I went into a specialty paper store to find paper to make an envelope to put our ultrasound pictures and reminders of our babe, and was overwhelmed with sadness. It seems to puzzle DH that I am still crying several times a day. While I feel sad and cry often, I also feel incredibly joyful about life, and thankful for all I have learned over the past few weeks. I have realized I had spent nearly five years feeling sorry for myself in one way or another(I'm pregnant, over-worked, too attached to my baby, can't get pregnant, had a miscarriage, our employees are idiots, our family is too far away, pregnant, nursing/attached, pregnant, overworked, blah blah blah), and had forgotten to revel in the joy of having two lovely daughters, a supportive, loving partner, and everything else.
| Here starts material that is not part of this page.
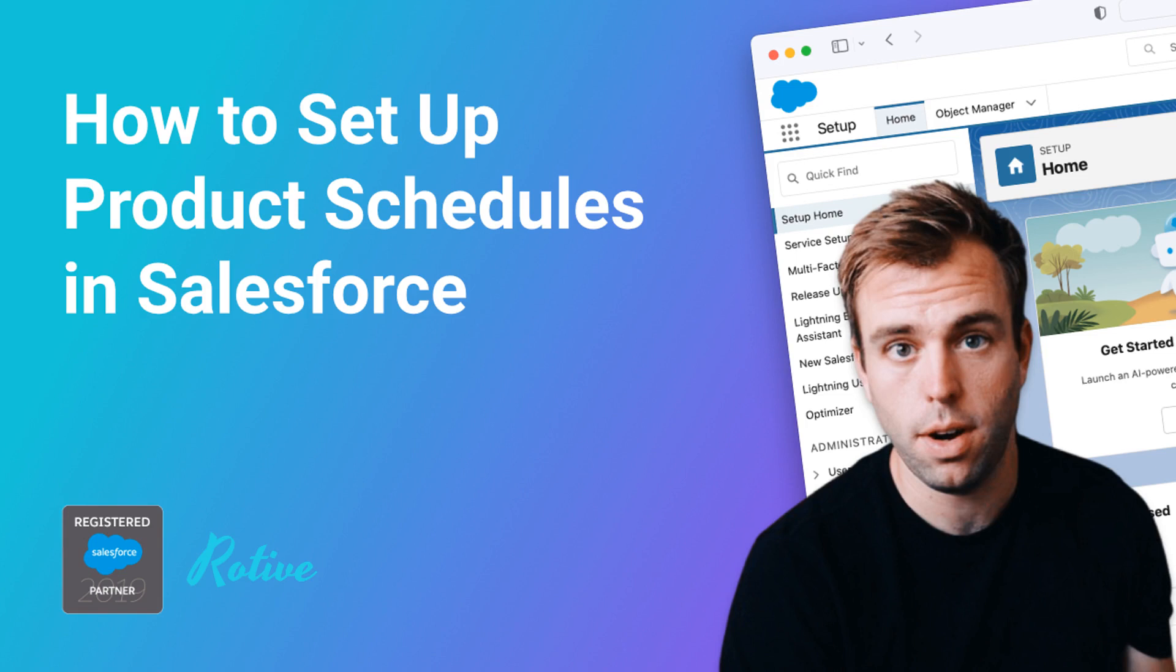Hello, I'm Brian Hayes. I'm a Salesforce and Pardot consultant with Rotive. We help small businesses automate their processes.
I feel as if my heart has recently emerged after years of hiding in a dark closet. The love I feel for my family is so intense now, and I feel ashamed for these past years of self-pity. I am finding myself no longer fretting about what I haven't gotten done, but joyful about what I have accomplished. This has been a truly life altering experience. I will always mourn the loss of my baby, but I am thankful, everyday for having encountered such I wise spirit.
I call my baby Arrow because he pierced my heart.


----------



## nydiagonz (Jun 29, 2005)

Kimberly,

I am so deeply sorry for your loss. I am glad that you are able to find some light and even positive results from your painful experience. I also feel like my son taught me so many beautiful lessons and for that I am thankful.

I really feel you on the whole "facing people" issue. It is so, so scary to get out there and face people who I thought would be judging me and saying something either insensitive or inappropriate. Some people did, but it wasn't as bad as I thought. The one thing I can tell you is that people are generally *good* and *caring* and if they don't say the "right" thing, it is just because they don't know what that is.

It was so very unnerving at first, but fortunately, I got over the "hump". Now I find myself consoling people who are just finding out and just being all together *numb*. I guess that kinda sucks, but at least I am not breaking down in public anymore.

Good luck mama. Take care of yourself and your beautiful family


----------